Its activities are overseen by a complex governance structure and each trust has its own monitoring arrangements to consider the partnership’s performance against objectives, key performance indicators and budget. An HR strategy committee with CEOs, Directors of Finance and HR provides overall direction.
Cheshire HR Service provides the following shared services:
• HR administration (including recruitment services, management information, records management)
• Learning and development
• Employee benefits and support service
• Occupational health and counselling
• Payroll – now outsourced but centrally overseen.
In addition, there is a small business management team that oversees the partnership’s business arrangements and facilitates the infrastructure of meetings, performance, finance and technology.
There are also business partner teams for each of the trusts that cover strategic development, employee relations, policy development, workforce planning, diversity and employee engagement.
A review of its first year of operation revealed:
• A more ‘committed relationship’ between HR and the organisation
• Increased internal benchmarking and an associated questioning approach to service delivery.
• A more commercial and cost aware attitude to service provision among HR staff
• Better career opportunities and access to training.

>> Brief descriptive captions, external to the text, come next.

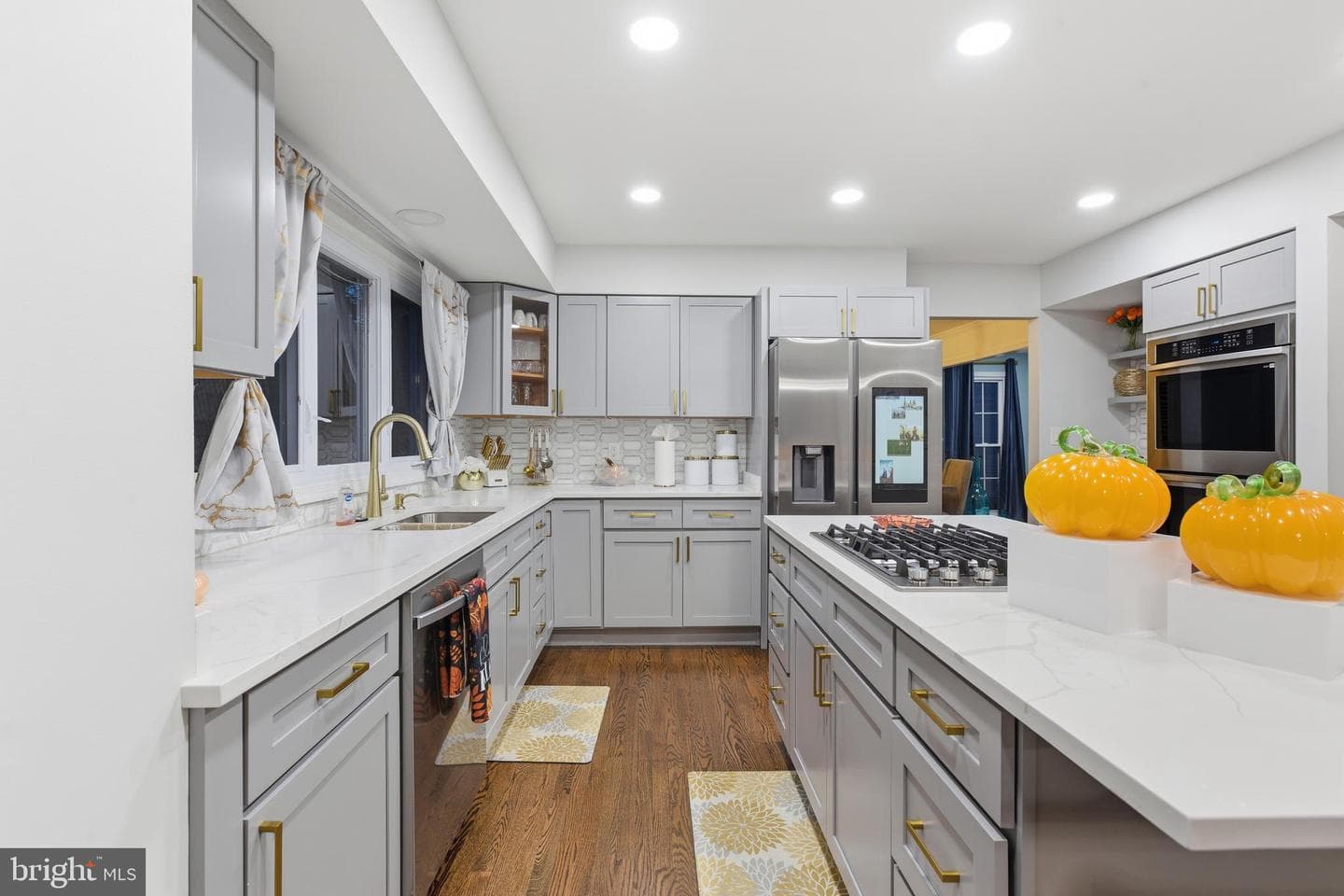 4309 Saddle River Drive photo 15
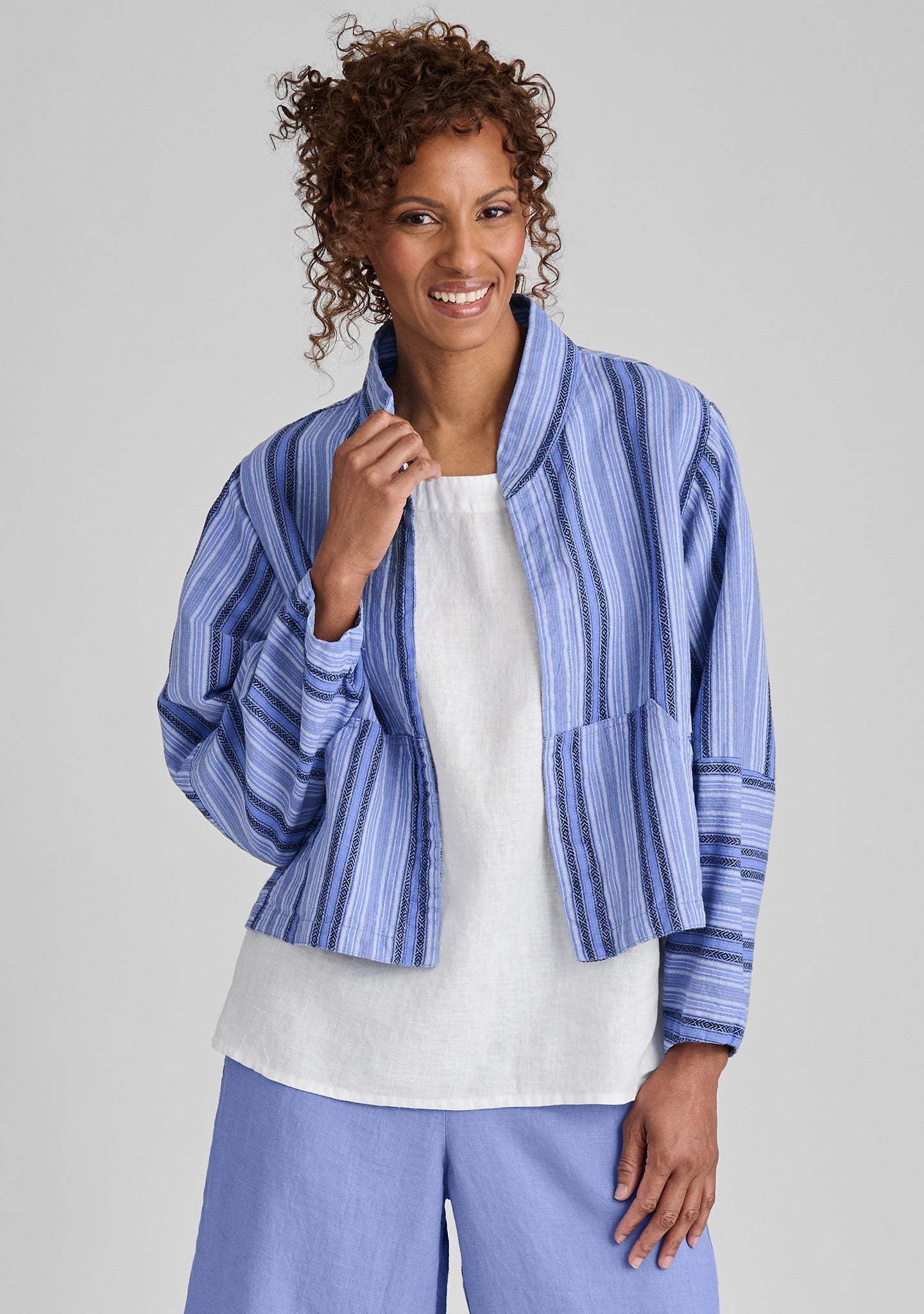 Seamly Jacket - Stylish Cropped Linen Jacket for Women | Lightweight Summer Blazer | Perfect for Office, Date Night & Outdoor Events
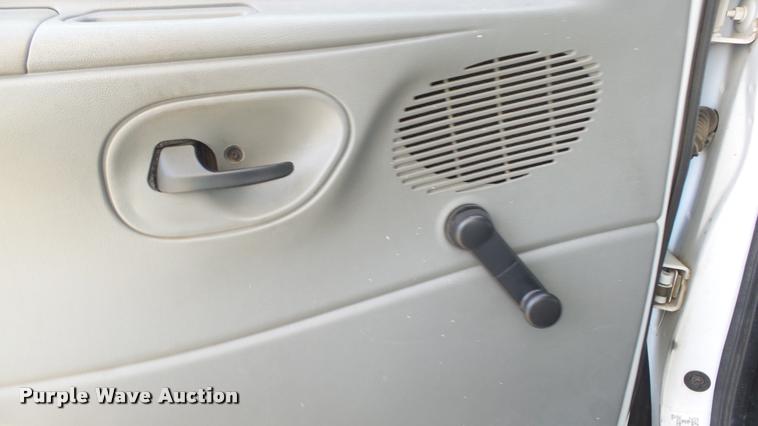 image for item J5722 2007 Ford Econoline E450 Super Duty Aerotech shuttle bus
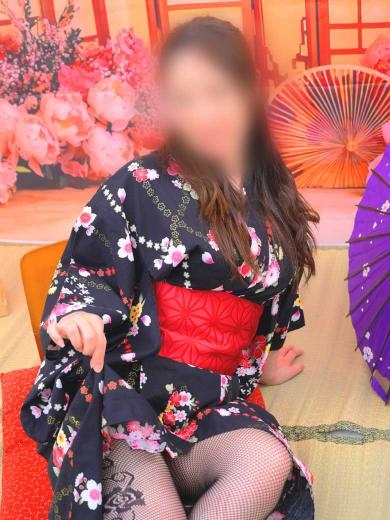 成瀬ねね(イエスグループ 華女(かのじょ) 松山店)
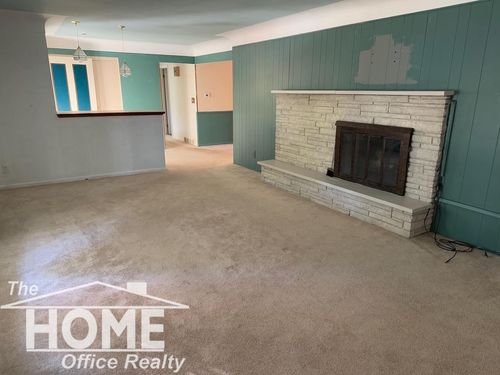 1203 Clearview Dr, Flushing, MI, 48433-1479 | Card Image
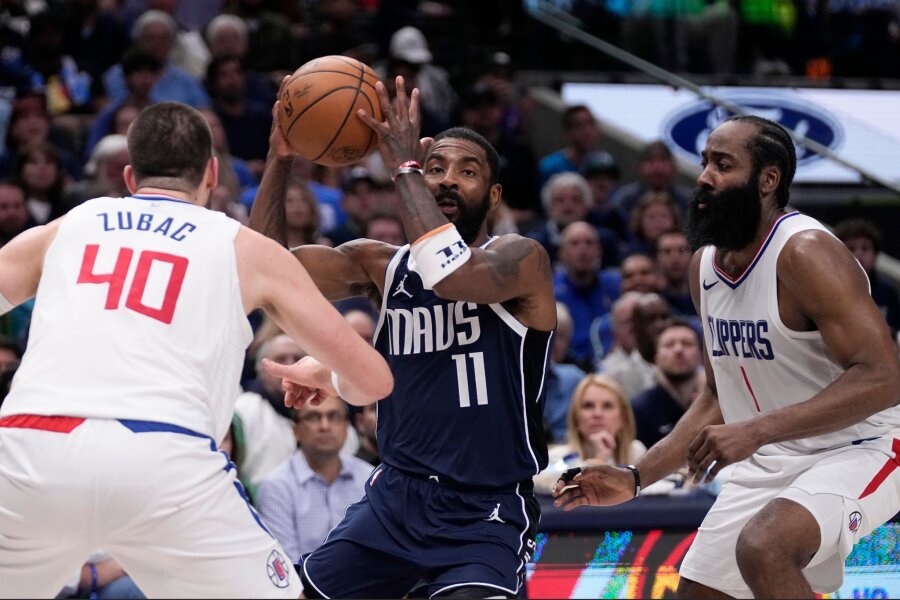 NBA-Playoffs: Mavericks holen Sieg zwei gegen die Clippers - Kyrie Irving (m) und die Dallas Mavericks führen in der Erstrunden-Serie der NBA-Playoffs.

There is still room for improvement, however. Areas to be developed in the next year include improving IT synergy between the trusts, avoiding a steady increase in demand from some customers, while making others more aware of the service delivery model and developing an induction programme for new entrants to HR, so that they understand the model’s features.
The key thing to learn from Cheshire HR service is that there is no ‘one size fits all’ model for successful shared services implementation.